Wednesday, August 29, 2012

IDA Darksky Giveaway is on!

If you are not yet familiar with the International Dark-sky Association ( IDA ) now is a great time to become aquatinted with them and sign up as a member.  The IDA's mission is to
...preserve and protect the nighttime environment and our heritage of dark skies through environmentally responsible outdoor lighting. 
Now is a particularly good time to join because any member can enter to with a full set of Teleview Ethos eyepieces via their Darksky Giveaway.  I'm not sure how many members there are, and how many will register online for the contest, but it's a fantastic prize and my odds are probably not too bad! Seeing the announcement in my email box made me think of how I finally decided to join.

Almost since the time I began my most recent foray into amateur astronomy several years ago I knew about the IDA and it's goals.  It does not take more than a few seconds to read their mission statement as it's direct and to the point.  I hated light pollution, but never really thought about donating, until last year at the Pacific Astronomy and Telescope Show ( PATS ).

PATS is a relatively small show, and it does not take more than a few hours to walk the floor and see most of the booths.  I had walked past a the IDA booth a few times when I finally stopped to take a look at some of their literature.  As I was reading one of the pamphlets, I asked the nice guy behind the booth how the day had been so far.  He was upbeat, but said he had not had many people signup for memberships so far.  I kept reading, expecting this to be the end of things, but he said something that made me stop and listen; "I've watched people spend hundreds of dollars on an eyepiece, but they won't spend $50 to help preserve the sky they look at through them".

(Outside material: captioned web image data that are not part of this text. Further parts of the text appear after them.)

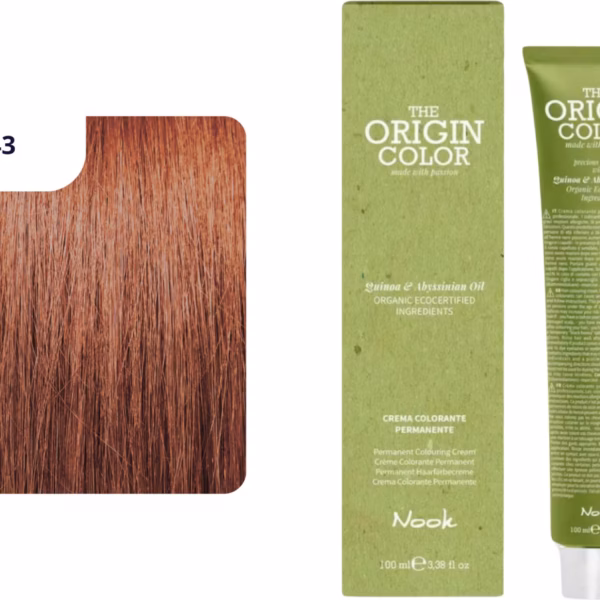 Nook The Origin Color juuksevärv no 8.43 Light Blonde Copper Gold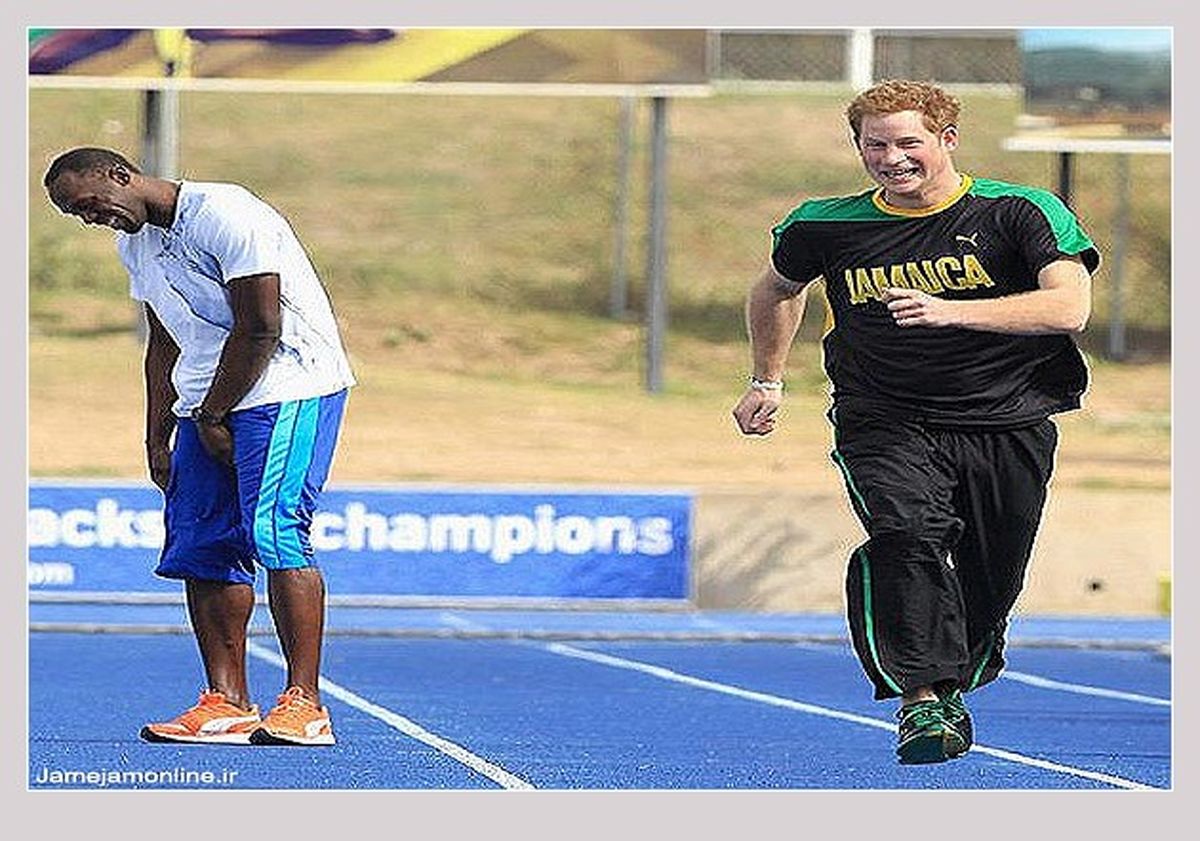 عکس/آقازاده قهرمان دوی المپیک را جا گذاشت!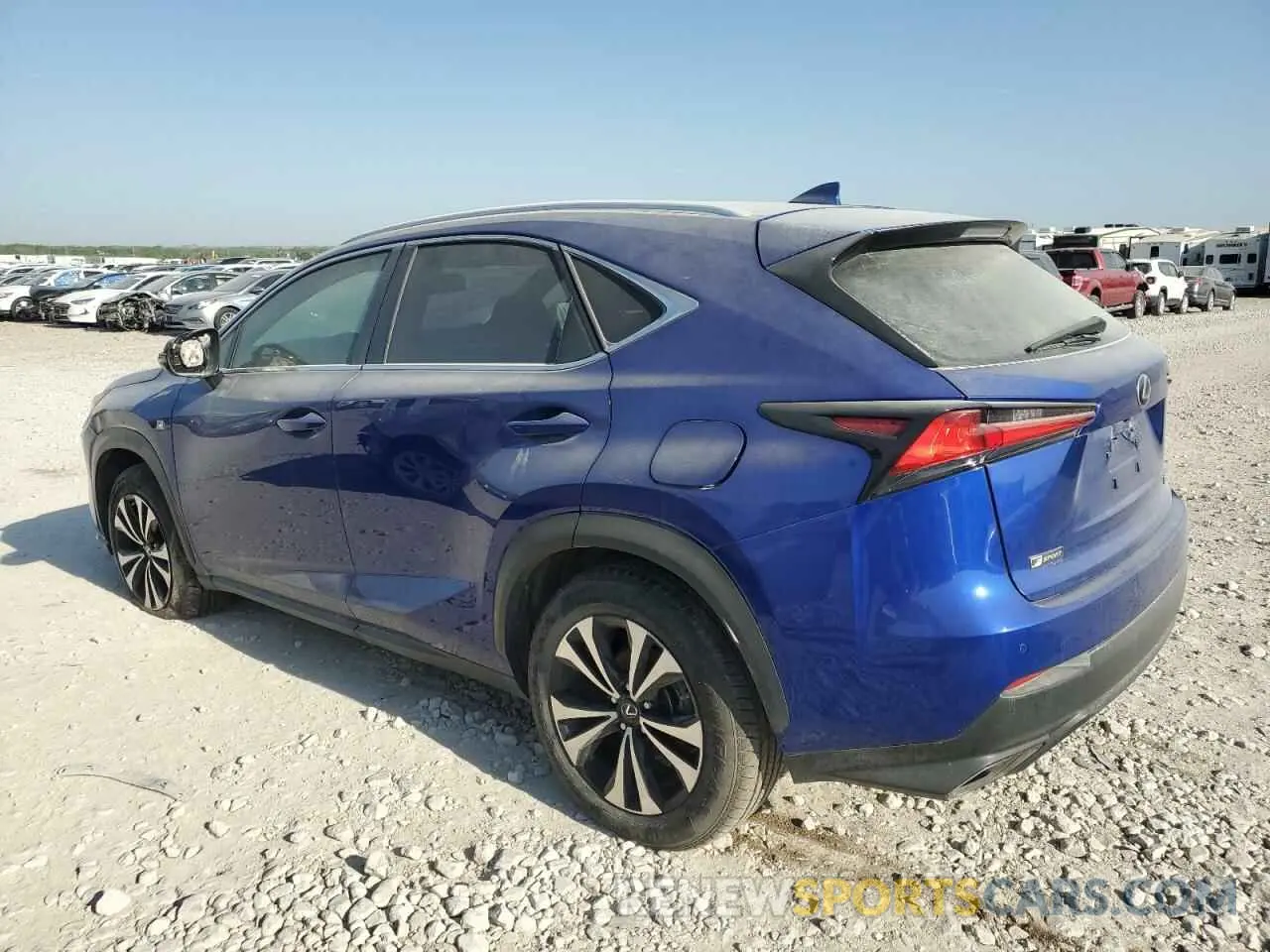 2 Фотография поврежденного автомобиля JTJBARBZ8K2217015 LEXUS NX 2019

I knew eyepieces were an investment that would last me a long time, regardless of the telescopes I ended up.  Just that day I purchased a filter and a new 32mm Teleview plossl.  I thought about a time ten or twenty years from now when I would have to travel even further, perhaps prohibitively  far, just to use them.  It was a scary thought, and the investment in preserving the dark sky suddenly seemed like a very sound one.

So now might be a great time to consider if an investment in the future of dark sky observing is right for you... and a set of Ethos' would be pretty cool!